The importance of possessive apostrophes
A famous generic method for approximating distributions and quantifying discrepancy and manufacturing concentration bounds and limit theorems is Stein’s method, typically in the form of the method of exchangeable pairs (Stein 1986, 1972). Wikipedia will do as a rough intro for now, although their info is rather out-of-date. There does not seem to be a thorough introduction to all the modern and useful tools. Different bits are introduced in Barbour and Chen (2005);Chatterjee (2014);Meckes (2012);Ross (2011).
Chen Soon Ong says:
If we have a distribution P, and we want to measure the distance to P from another distribution Q (which we control), an interesting trick to measure this distance is to define an operator T. This operator T, called the Stein operator, allows us to measure the distance between distributions by considering the distance between test functions on the random variables corresponding to P and Q. This is a more general structure than integral probability metrics, which in turn is a more general version of Wasserstein distance.
Probably the best starting intro is Lily Li’s Whirlwind Tour
In these notes we summarize Cindy Zhang’s survey (Zhang 2016) of Nathan Ross’ survey (Ross 2011) on the Fundamentals of Stein’s Method with particular emphasis on the proof of the Central Limit Theorem.

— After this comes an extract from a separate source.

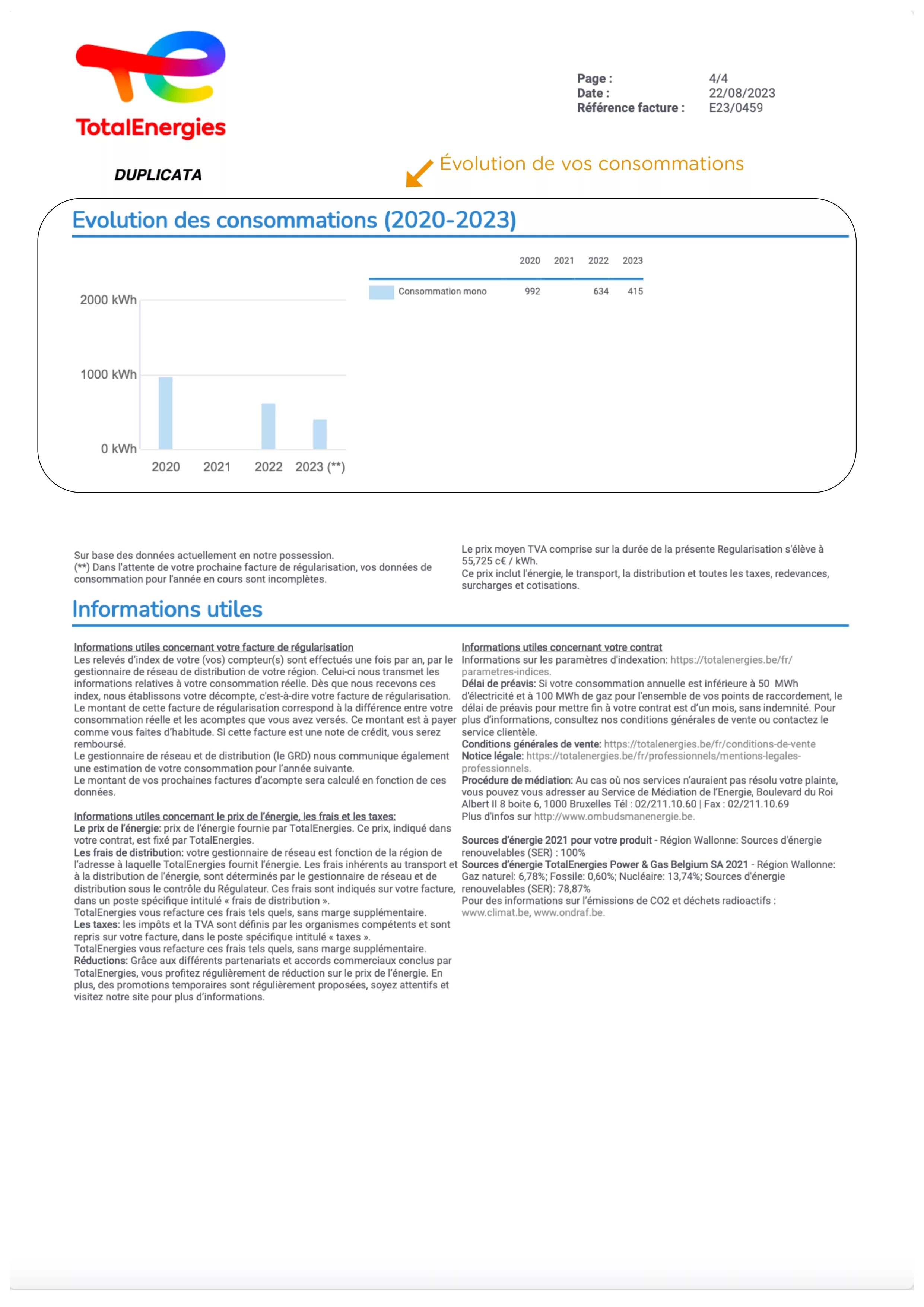 Facture de régularisation VSE page 4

See also video lecture "The Stein-Chen method" Dr Fraser Daly lec.1
Elizabeth Meckes, Stein’s Method: - The last gadget under the hood finally crystallizes it for me:
the Big Idea: The Stein Equation We need to solve the Stein equation: given a function \(g\), find \(f\) such that \[ T_o f(x)=g(x)-\mathbb{E} g(X) . \] We use \(U_0\) to denote the operator that gives the solution of the Stein equation: \[ f(x)=U_o g(x) . \] If \(f=U_o g\), observe that \[ \mathbb{E} T_o f(Y)=\mathbb{E} g(Y)-\mathbb{E} g(X) . \] Thus if \(\mathbb{E} T_0 f(Y)\) is small, then \(\mathbb{E} g(Y)-\mathbb{E} g(X)\) is small.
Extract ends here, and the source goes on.